All the horses get the bug supplement

I carry three out to the oak pasture while Brett loads up the hay cart and heads to the boys' pasture.  Lucy is waiting for me at the gate with Jackson standing close behind.  Pistol stands further back and waits until Lucy is busy eating her bucket before coming over to get hers.  While the horses eat their buckets, I put on their fly masks, and then grab the muck cart and rake.

While I am getting the girls set up and mucking their pasture, Brett does the same with Mufasa and Flash.  He also feeds hay to all the horses, the donkeys and the goats.
Horse hay to the left; donkey and goat hay (not as rich) to the right.

After finishing up in the oak pasture -- a full wheelbarrow of manure twice a day -- I go back to the barn and wash the horses' vitamin buckets.

Then we have breakfast.  Today and yesterday, the sun was already beating down before we finished. With triple digit heat in the forecast, we won't be riding today.

In the evening, we repeat the same process minus the vitamin buckets.  We do not grain our horses; we feed just hay and vitamins.  They are all either retired or in light work, and are all easy keepers.
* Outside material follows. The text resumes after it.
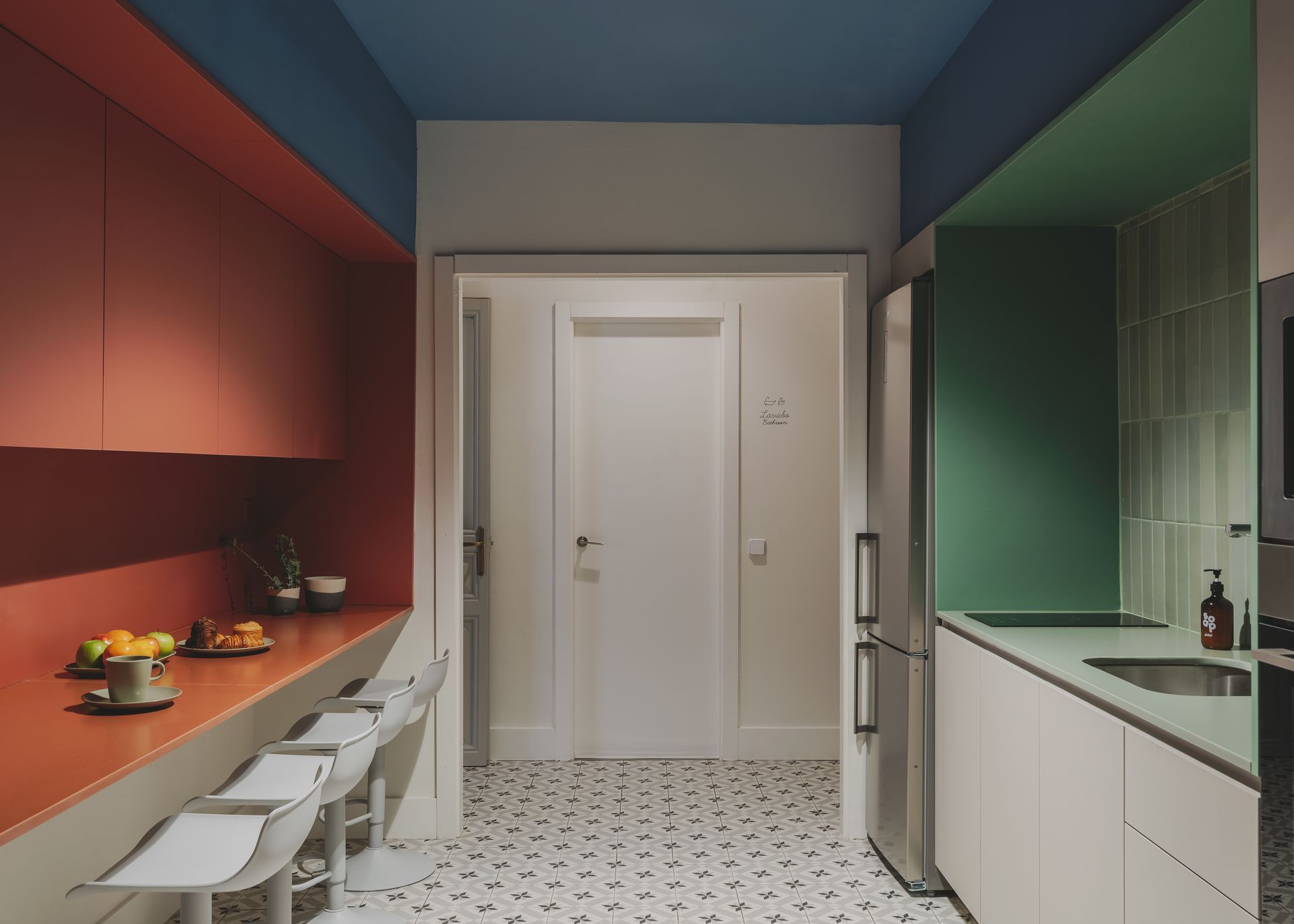 A kitchen with a blue ceiling and red and green walls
  1. Your routine sounds very similar to mine. It was almost 90 here today...can't imagine a hundred. I'm with you...picking pastures and fly masks make a big difference. How is Brett doing? Has he been on Pistol yet?

  2. That's a lot of chores all done right. Soon enough fall will be here but be careful what you wish for concerning the weather.

  3. You guys have a great system going. We have the same issue with time spent on chores every day eroding the sparse time cool enough to ride. I usually just X out August. Let's hope for a pleasant Autumn.